TASK REQUIREMENTS: The entries must be set down again word for word; no pictures belong in the copy.

----

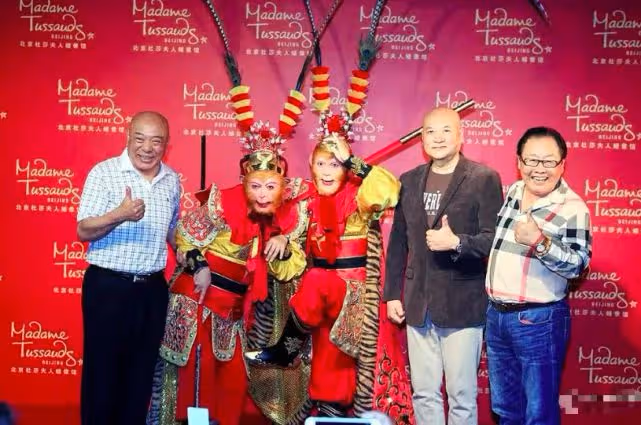 男頂流出事，好萊塢輕視，《敢問路在何方》籌拍六年再難上映！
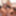 Trannies Amanda Fialho, Bella Atrix &amp; Marcelle Herrera fuck  #9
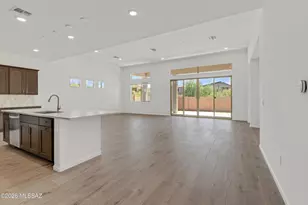 14768 N Blue Juniper Ln, Marana, AZ 85658 - Photo 4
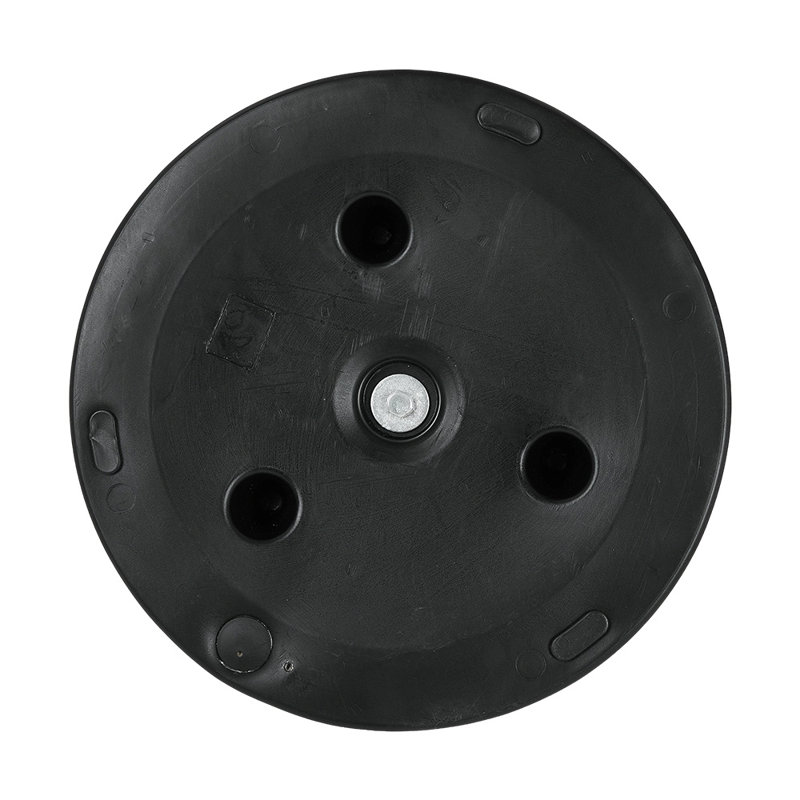 20.5 kg Umbrella Base
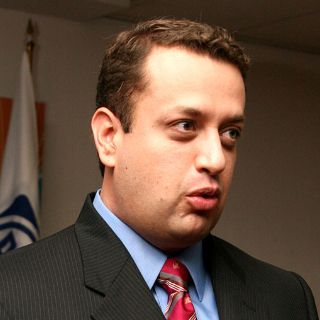 El Ejecutivo estatal rechaza dialogar sobre Tenacatita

----

ANSWER:
 男頂流出事，好萊塢輕視，《敢問路在何方》籌拍六年再難上映！
 Trannies Amanda Fialho, Bella Atrix &amp; Marcelle Herrera fuck  #9
 14768 N Blue Juniper Ln, Marana, AZ 85658 - Photo 4
 20.5 kg Umbrella Base
 El Ejecutivo estatal rechaza dialogar sobre Tenacatita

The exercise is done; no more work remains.